BEGIN

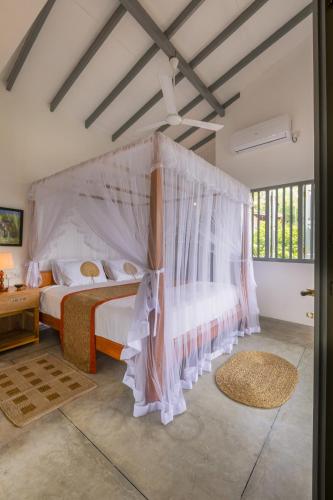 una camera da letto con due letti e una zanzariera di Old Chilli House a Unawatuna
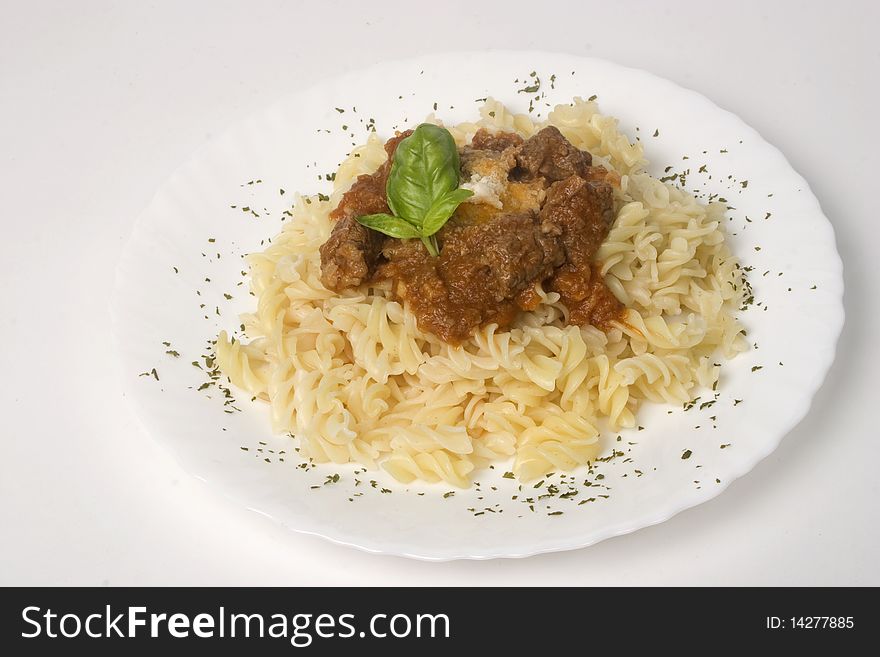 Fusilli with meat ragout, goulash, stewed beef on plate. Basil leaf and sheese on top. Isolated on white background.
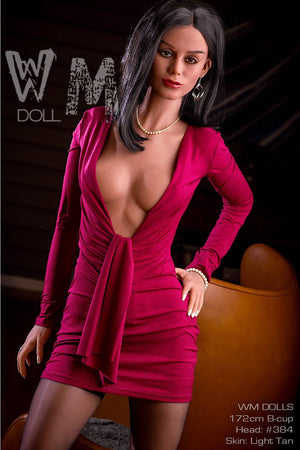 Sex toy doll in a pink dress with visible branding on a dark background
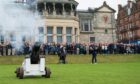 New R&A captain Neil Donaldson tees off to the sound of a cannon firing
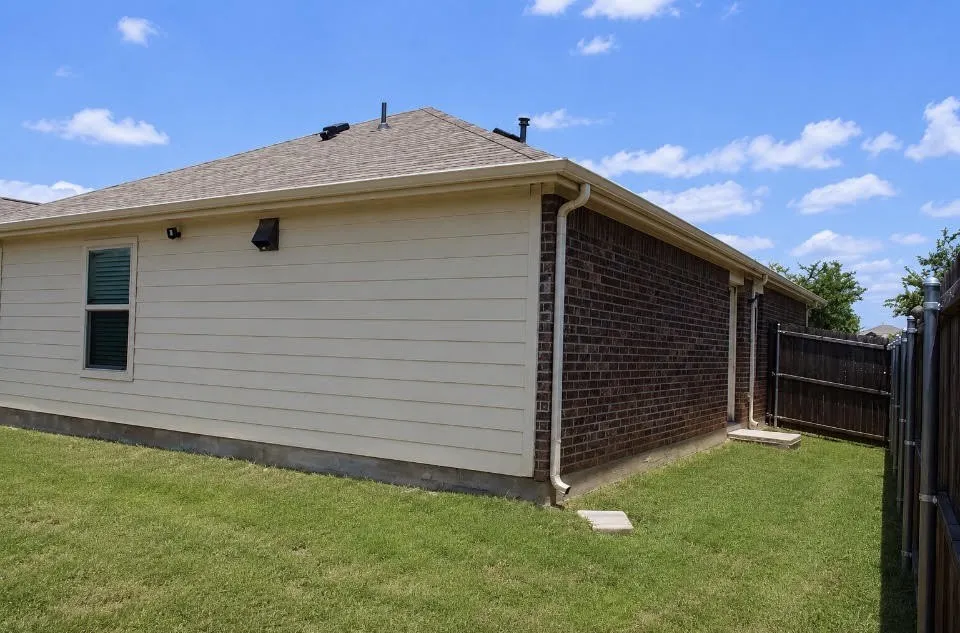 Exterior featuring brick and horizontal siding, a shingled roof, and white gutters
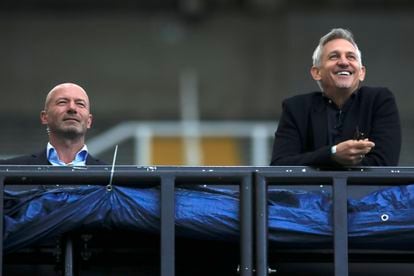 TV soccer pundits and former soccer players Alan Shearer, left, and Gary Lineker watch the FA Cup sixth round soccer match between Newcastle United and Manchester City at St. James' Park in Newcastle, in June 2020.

END
BEGIN

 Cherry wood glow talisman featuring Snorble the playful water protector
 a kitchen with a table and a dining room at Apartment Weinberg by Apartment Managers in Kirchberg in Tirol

END
BEGIN

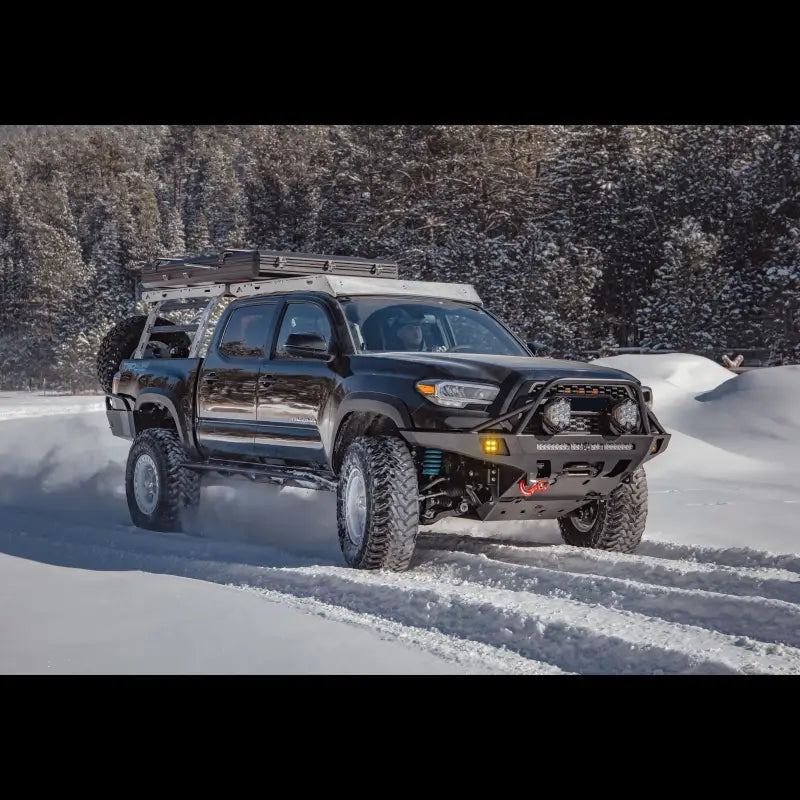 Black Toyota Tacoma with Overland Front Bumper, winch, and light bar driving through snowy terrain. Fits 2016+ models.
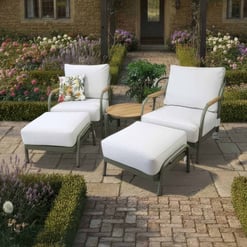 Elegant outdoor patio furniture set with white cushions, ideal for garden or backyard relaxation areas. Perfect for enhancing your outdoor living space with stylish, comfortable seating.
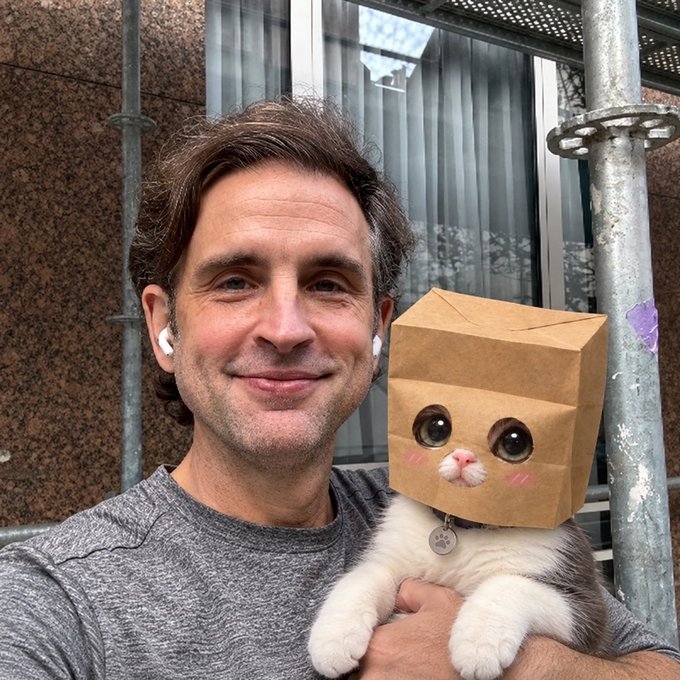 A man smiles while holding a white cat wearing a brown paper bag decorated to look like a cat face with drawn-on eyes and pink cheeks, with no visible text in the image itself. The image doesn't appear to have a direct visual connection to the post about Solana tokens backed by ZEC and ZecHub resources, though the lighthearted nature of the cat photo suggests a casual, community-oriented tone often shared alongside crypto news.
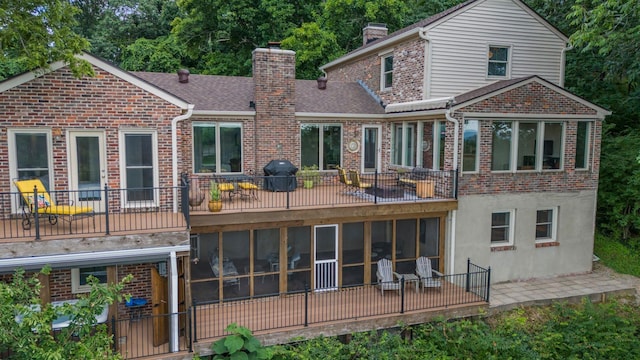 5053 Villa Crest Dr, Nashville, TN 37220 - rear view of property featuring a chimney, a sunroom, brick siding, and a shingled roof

END

REQUIRED ACTION:
The result should be an exact copy of only the lines above from the one that holds "una camera da" through the one that holds "TV soccer pundits", both ends included, without pictures.

EXPECTED ANSWER:
 una camera da letto con due letti e una zanzariera di Old Chilli House a Unawatuna
 Fusilli with meat ragout, goulash, stewed beef on plate. Basil leaf and sheese on top. Isolated on white background.
 Sex toy doll in a pink dress with visible branding on a dark background
 New R&A captain Neil Donaldson tees off to the sound of a cannon firing
 Exterior featuring brick and horizontal siding, a shingled roof, and white gutters
 TV soccer pundits and former soccer players Alan Shearer, left, and Gary Lineker watch the FA Cup sixth round soccer match between Newcastle United and Manchester City at St. James' Park in Newcastle, in June 2020.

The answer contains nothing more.